Pursuant to the Code, Swedish companies whose shares are admitted to trading on a regulated market in Sweden shall have a nomination committee. The annual general meeting held in engcon on May 4th 2023 adopted instructions for the nomination committee’s composition and work within engcon.
Principles for appointment of the nomination committee
According to these instructions, the nomination committee is to comprise a minimum of three and a maximum of five members. The members of the nomination committee are appointed by the three largest shareholders in the Company in terms of voting rights per 31 August. If any of the three largest shareholders in terms of voting rights does not exercise its right to appoint a member, the right to appoint such member is transferred to the next largest shareholder in terms of voting rights who does not already have the right to appoint a member of the nomination committee. However not more than five more shareholders are required to be contacted unless the chairperson of the board finds specific reasons for doing so. In addition, the chairperson of the board of directors of the Company shall be a co-opted member. In his or her role as a co-opted member, the chairperson of the board of directors of the Company shall assist the nomination committee in carrying out its tasks but is not entitled to participate in its decision making. Chairperson in the Nomination Committee, unless the members agree otherwise, shall be the member appointed by the largest shareholder.

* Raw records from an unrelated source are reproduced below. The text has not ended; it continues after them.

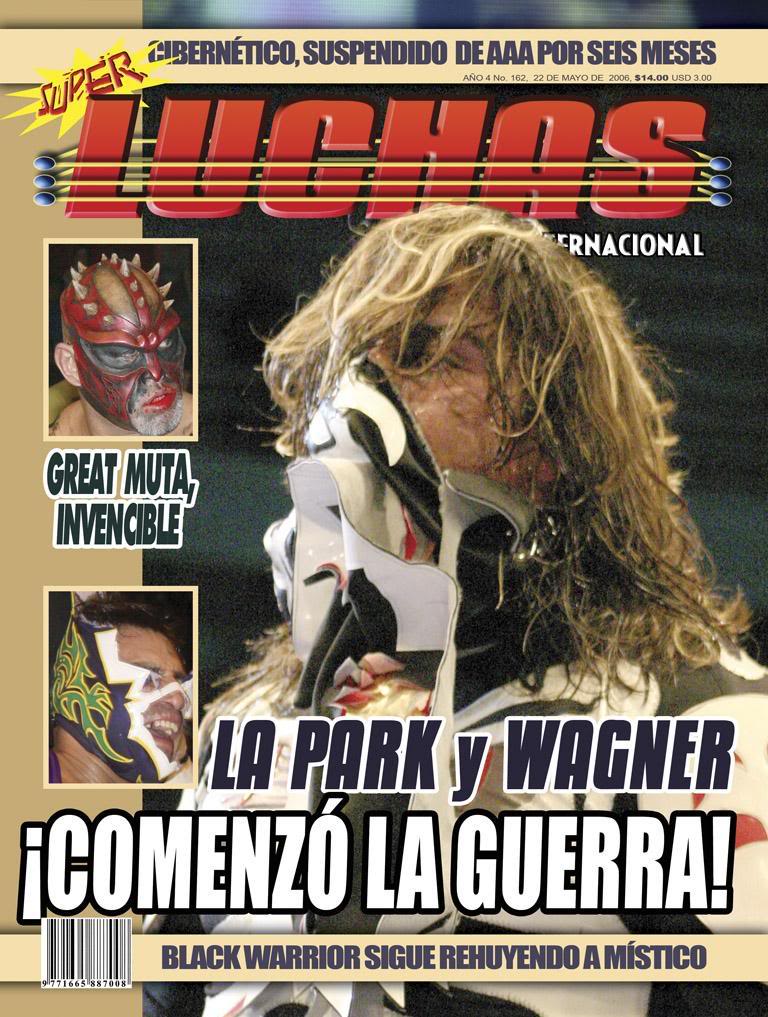 Super Luchas 162 Magazine PWcatalog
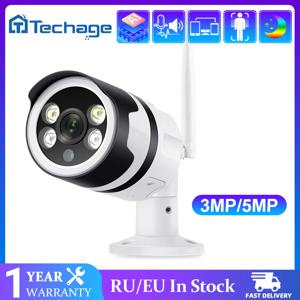 Techage 와이파이 IP, H.265, 5MP, 3MP, P2P, CCTV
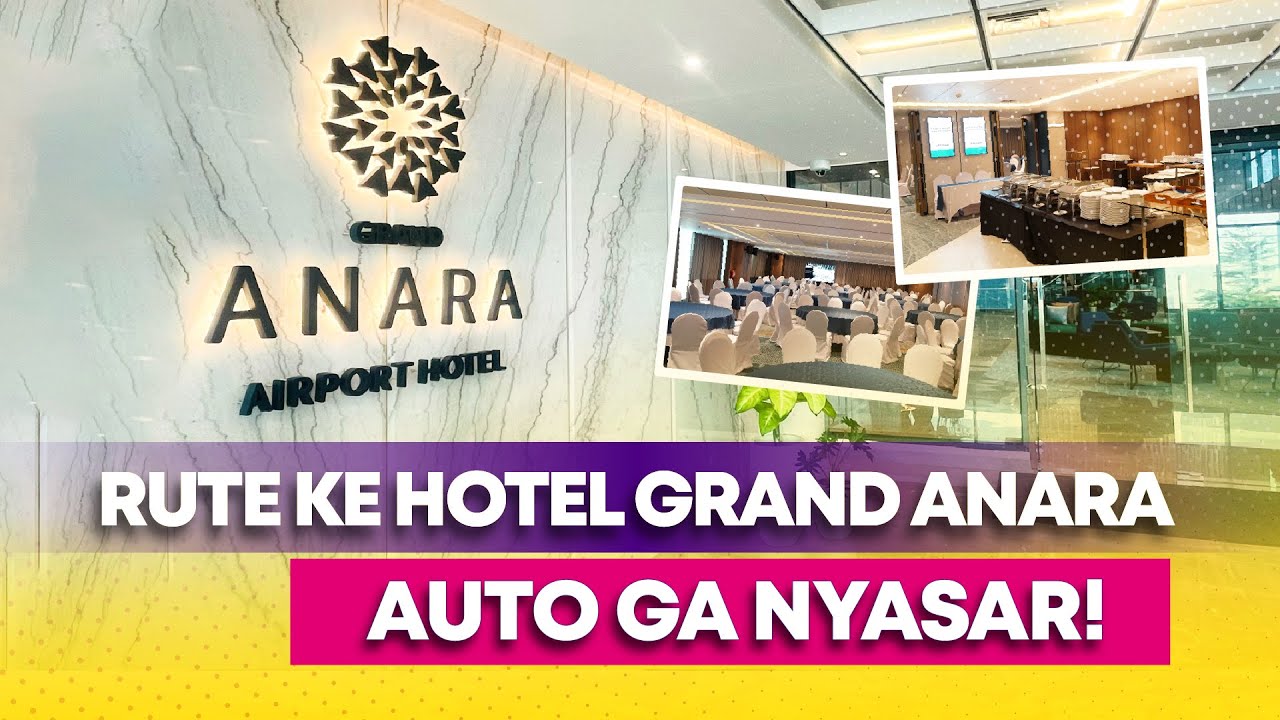 Menuju Hotel Grand Anara, Persinggahan Sebelum Keberangkatan | Ventour Checklist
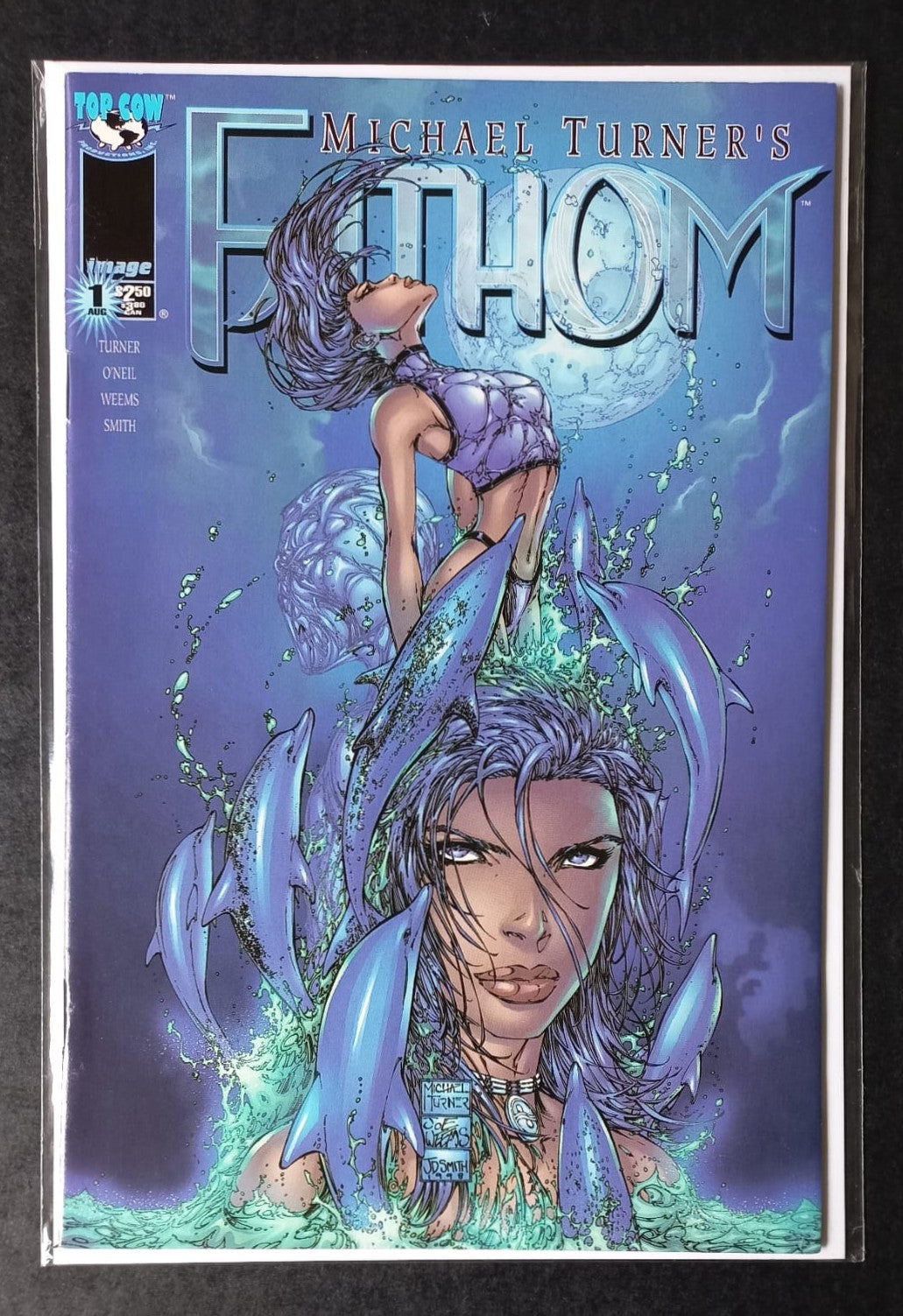 Fathom 1 Cover B (1998) Michael Turner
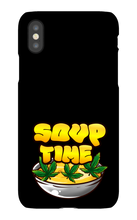 Soup Time iPhone case -- POP SOCKET FRIENDLY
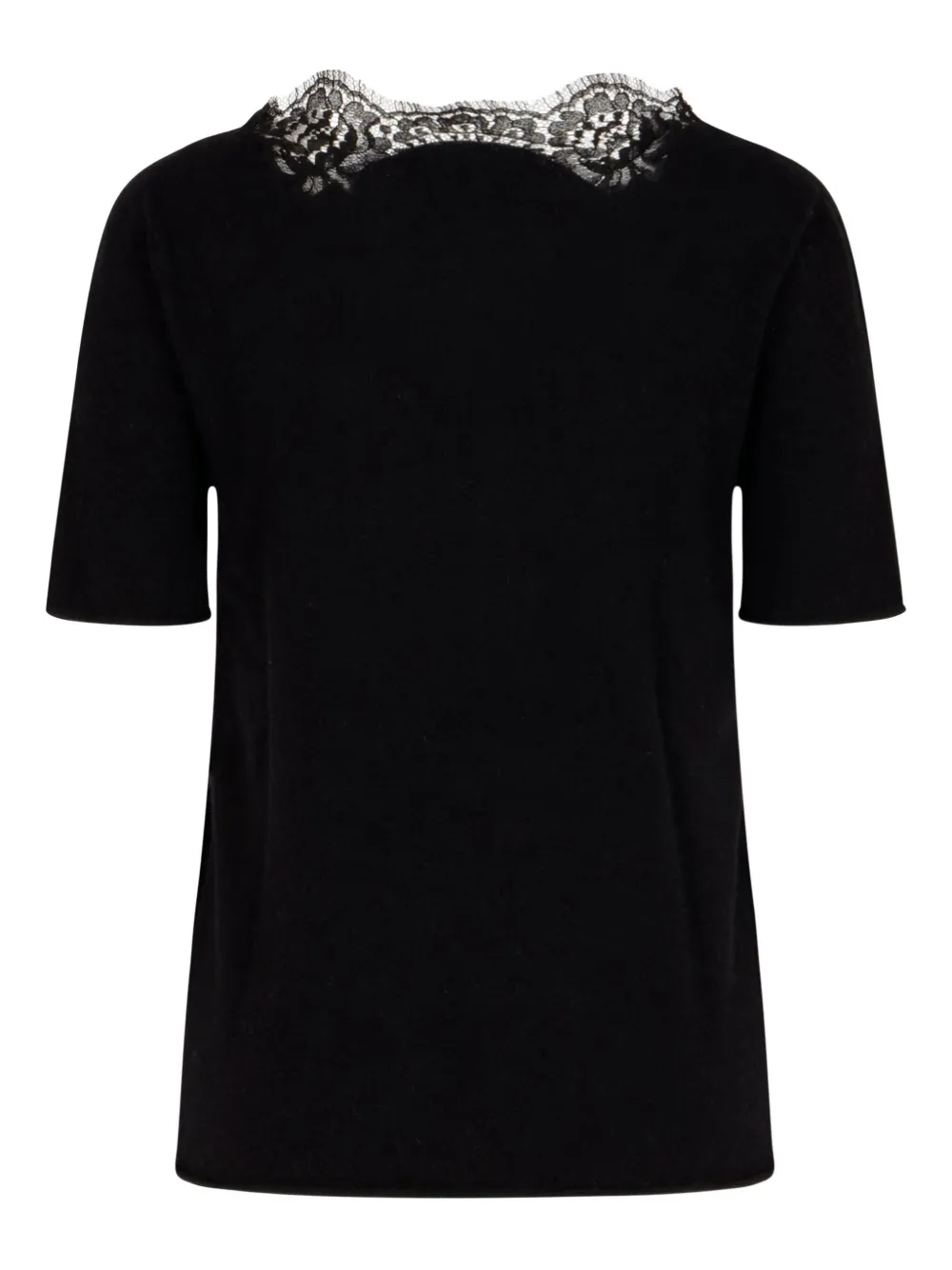 Alberta Ferretti lace-insert T-shirt | T-Shirts & Jersey Shirts | Image 2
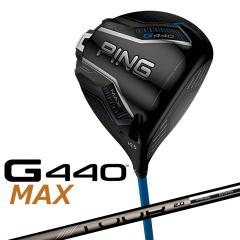 yڔzs G440 MAX }bNX hCo[ PING TOUR 2.0 CHROME J[{Vtg Y Ep {Ki St PING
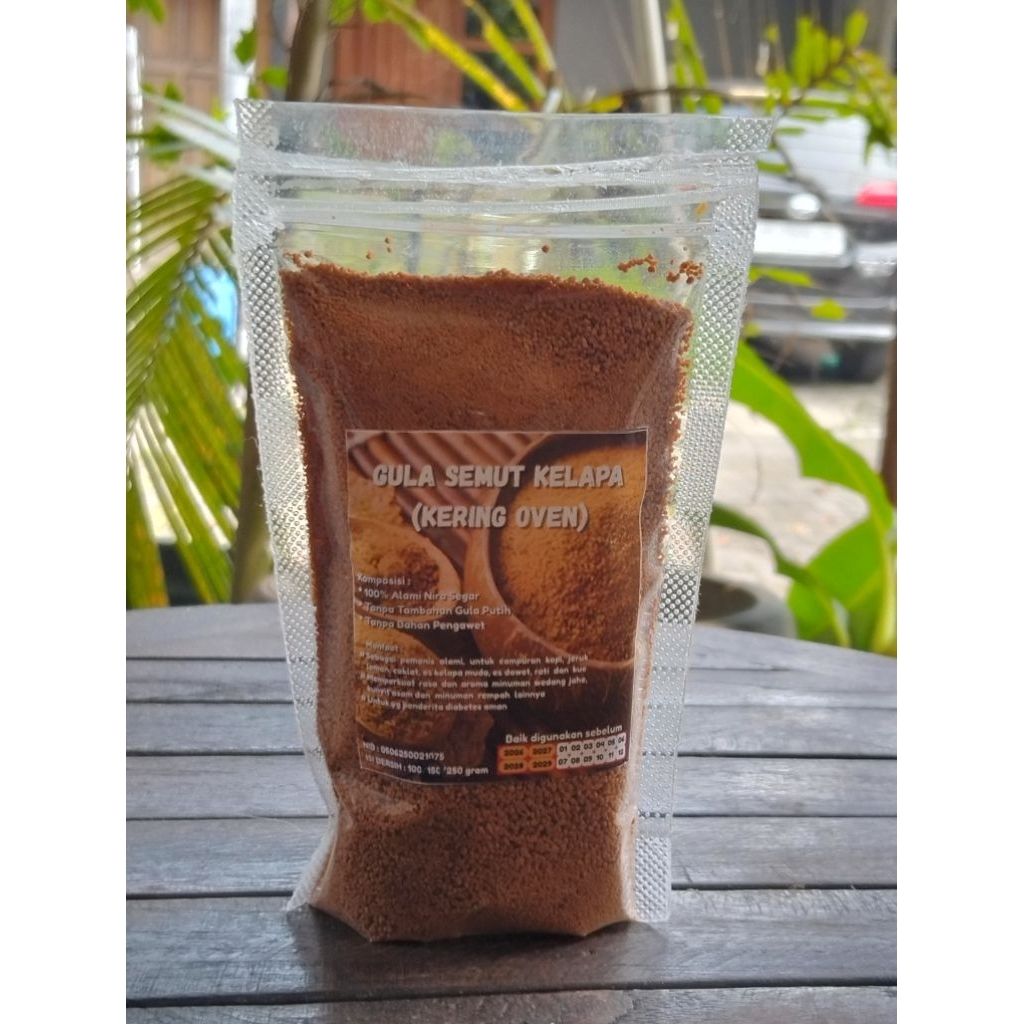 Gula Semut Kelapa (Kering Oven) 150 gr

The names of the committee members are to be announced no later than six months before the next annual general meeting. According to the instructions, the task of the nomination committee is to present proposals to the annual general meeting concerning, inter alia, the number of board members and the composition of the board, including the chair of the board, and proposals concerning board fees, divided between the chair and the other board members as well as any fees for committee work. Further, the nomination committee is to present proposals concerning the chair of the annual general meeting and election of auditors and their fees, as well as proposals regarding any new instructions concerning the appointment of the nomination committee and its work.
All shareholders are entitled to submit proposals for board members to the nomination committee. The nomination committee’s proposals concerning board members, board fees and, if applicable, auditors are presented in the notice to attend the annual general meeting. A statement from the nomination committee explaining its recommendation on the composition of the board is to be published on the Company’s website when the notice to attend the annual general meeting is published.